=== Supplied data ===

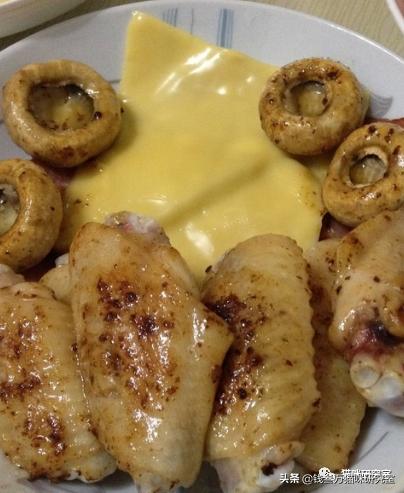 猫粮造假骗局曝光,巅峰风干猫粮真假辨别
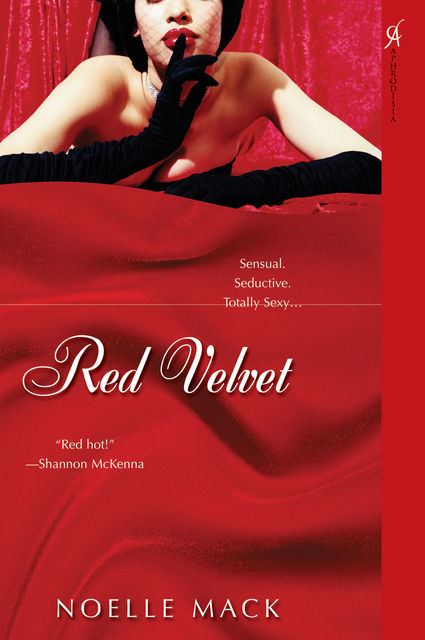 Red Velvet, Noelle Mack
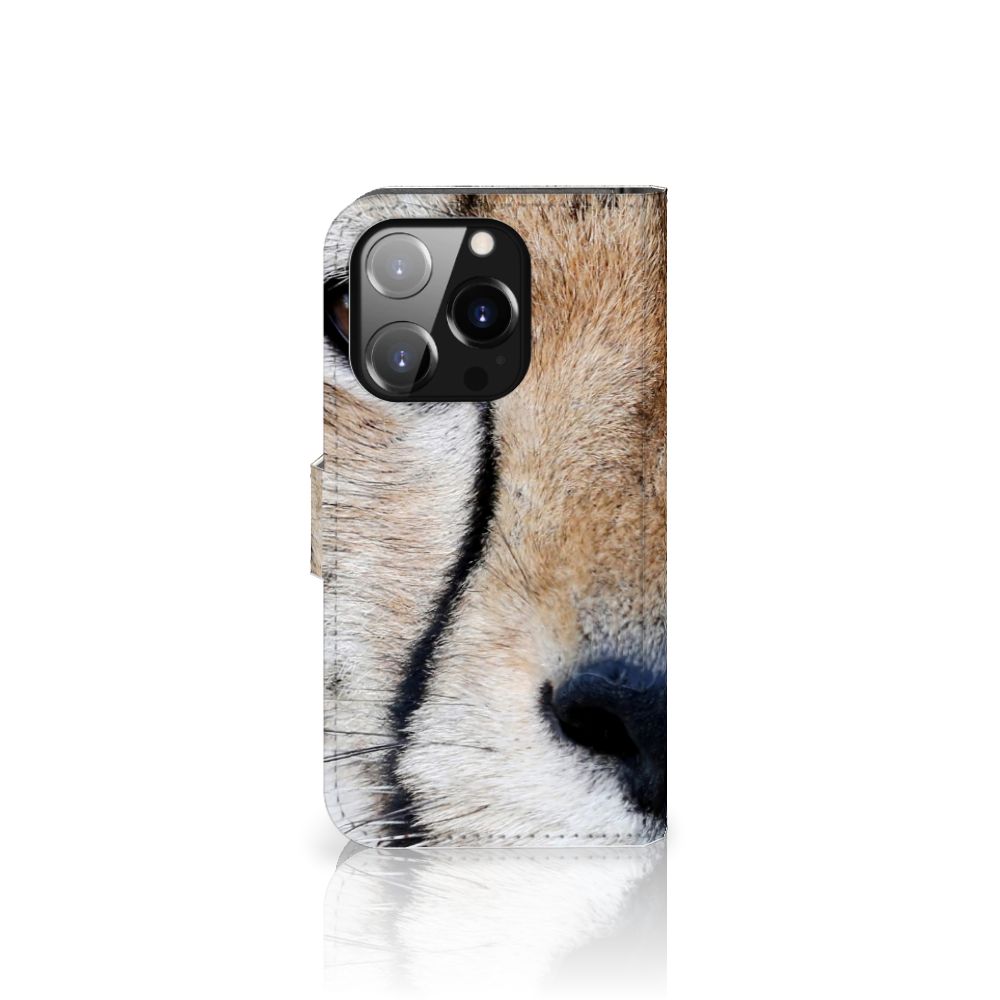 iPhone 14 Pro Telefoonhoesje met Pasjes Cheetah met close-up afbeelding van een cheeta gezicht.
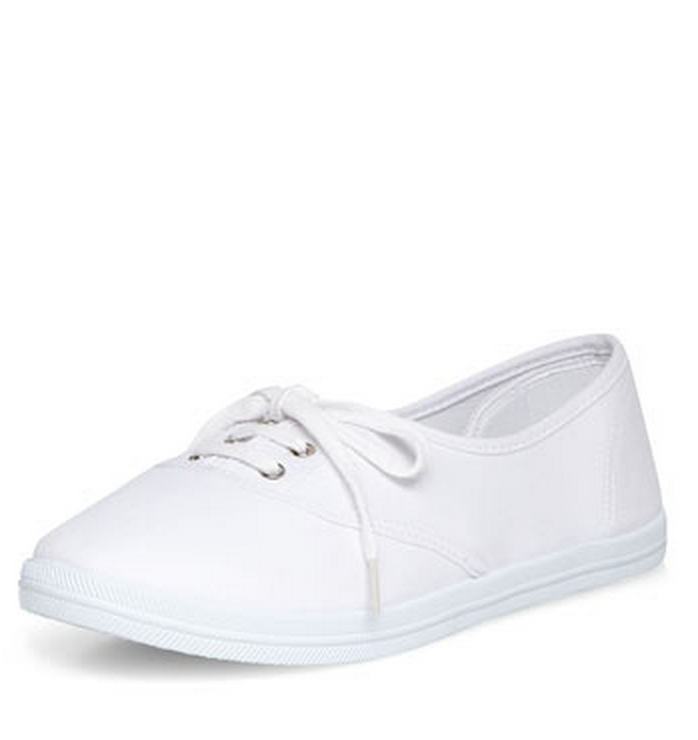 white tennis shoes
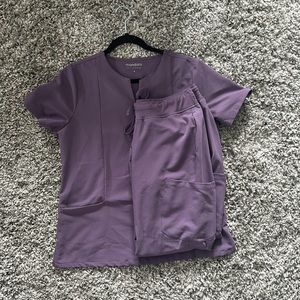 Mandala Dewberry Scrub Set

===
=== Supplied data ===

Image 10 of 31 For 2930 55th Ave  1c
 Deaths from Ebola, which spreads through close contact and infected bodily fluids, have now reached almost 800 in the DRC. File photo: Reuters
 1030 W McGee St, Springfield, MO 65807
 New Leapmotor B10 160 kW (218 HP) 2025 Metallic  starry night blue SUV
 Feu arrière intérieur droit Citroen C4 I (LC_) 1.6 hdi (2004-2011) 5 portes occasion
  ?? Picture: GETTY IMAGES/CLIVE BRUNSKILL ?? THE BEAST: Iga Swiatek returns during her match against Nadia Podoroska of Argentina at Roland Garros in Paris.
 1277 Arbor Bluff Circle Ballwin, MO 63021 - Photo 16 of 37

===
=== Supplied data ===

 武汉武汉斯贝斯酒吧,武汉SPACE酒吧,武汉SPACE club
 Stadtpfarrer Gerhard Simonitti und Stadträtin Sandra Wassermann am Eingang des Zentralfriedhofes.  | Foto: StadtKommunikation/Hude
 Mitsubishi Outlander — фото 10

===

Beginning at the line with "Deaths from Ebola, which" and stopping after the line with "1277 Arbor Bluff", please write out every line of the data above exactly and nothing else.

 Deaths from Ebola, which spreads through close contact and infected bodily fluids, have now reached almost 800 in the DRC. File photo: Reuters
 1030 W McGee St, Springfield, MO 65807
 New Leapmotor B10 160 kW (218 HP) 2025 Metallic  starry night blue SUV
 Feu arrière intérieur droit Citroen C4 I (LC_) 1.6 hdi (2004-2011) 5 portes occasion
  ?? Picture: GETTY IMAGES/CLIVE BRUNSKILL ?? THE BEAST: Iga Swiatek returns during her match against Nadia Podoroska of Argentina at Roland Garros in Paris.
 1277 Arbor Bluff Circle Ballwin, MO 63021 - Photo 16 of 37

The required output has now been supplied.